5. Except as set forth herein, SHOP disclaims any beneficial ownership of (i) any securities reported as directly owned by Holdings, and this report shall not be deemed an admission that SHOP is the beneficial owner of such securities for the purpose of Section 16 or for any other purpose, except to the extent of its pecuniary interest as a member of Holdings, and (ii) any Viasystems Shares that may be beneficially owned by any other Investor Party, and this report shall not be deemed an admission that SHOP is the beneficial owner of such Viasystems Shares for the purpose of Section 16 or for any other purpose, except to the extent of its pecuniary interest in such Viasystems Shares. Other than SHOP, neither the Reporting Persons (as defined below) nor any of the parties described in this report is a party to or bound by the LLC Agreement.
6. The Funds and SHOP have delegated all disposition and voting discretion to TCW Asset Management Company, a California corporation ("TAMCO"), and thus disclaim any beneficial ownership of the securities reported herein. TAMCO is the Investment Advisor to each Fund and SHOP, and disclaims beneficial ownership of the securities reported herein as indirectly owned, except to the extent of any pecuniary interest. TAMCO is wholly owned by The TCW Group, Inc., a Nevada corporation ("TCWG", and together with TAMCO, the "Reporting Persons") which disclaims beneficial ownership of securities reported as indirectly owned except to the extent of its pecuniary interest in TAMCO by virtue of TCWG's ownership thereof.
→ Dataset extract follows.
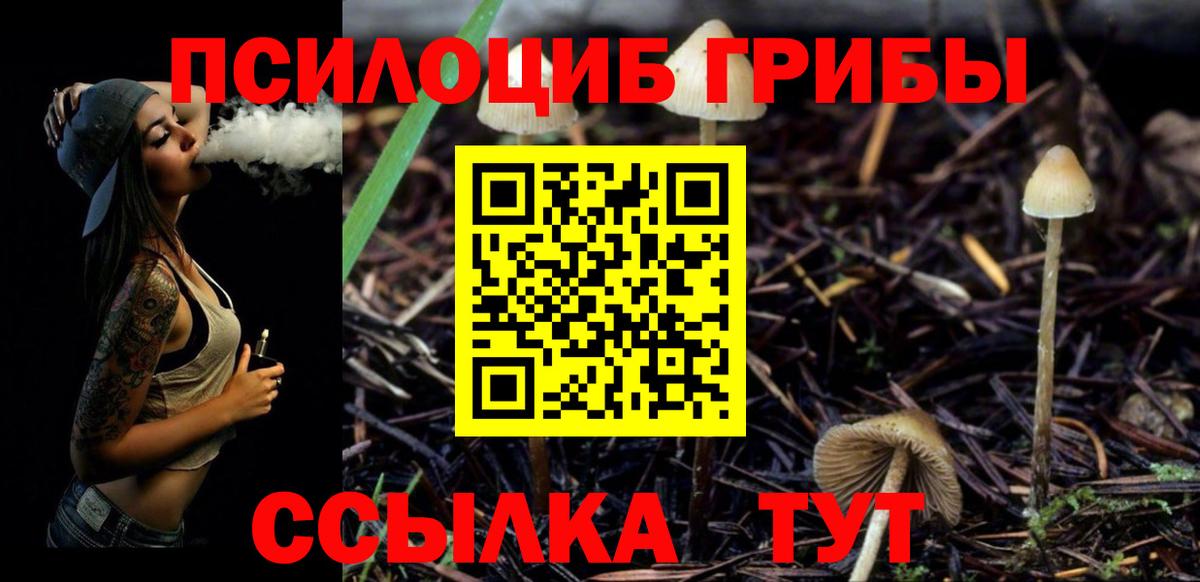 Галлюциногенные грибы мухоморы Минусинск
7. TCWG, together with its direct and indirect subsidiaries, collectively constitute The TCW Group, Inc. business unit (the "TCW Business Unit"). The TCW Business Unit is primarily engaged in the provision of investment management services. The ultimate parent company of TCWG is Societe Generale, S.A., a company incorporated under the laws of France ("SG"). The principal business of SG is acting as a holding company for a global financial services group, which includes certain distinct specialized business units that are independently operated, including the TCW Business Unit. SG, for purposes of the federal securities laws, may be deemed ultimately to control TCWG and the TCW Business Unit. SG, its executive officers and directors, and its direct and indirect subsidiaries (including all of its business units except the TCW Business Unit), may be deemed to beneficially own securities of the Issuer and such securities are not reported in this statement.
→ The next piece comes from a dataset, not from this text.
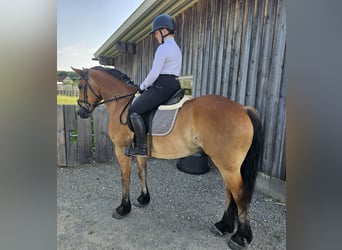 Other Warmbloods Mix, Gelding, 12 years, 15,1 hh, Brown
8. In accordance with Exchange Act Release No. 34-39538 (January 12, 1998) and due to the separate management and independent operation of its business units, SG disclaims beneficial ownership of securities of the Issuer beneficially owned by the TCW Business Unit. Each member of the TCW Business Unit disclaims beneficial ownership of securities of the Issuer beneficially owned by SG and any of SG's other business units.
/s/ George P. Hawley 06/10/2010
** Signature of Reporting Person Date
Reminder: Report on a separate line for each class of securities beneficially owned directly or indirectly.
* If the form is filed by more than one reporting person, see Instruction 4 (b)(v).
** Intentional misstatements or omissions of facts constitute Federal Criminal Violations See 18 U.S.C. 1001 and 15 U.S.C. 78ff(a).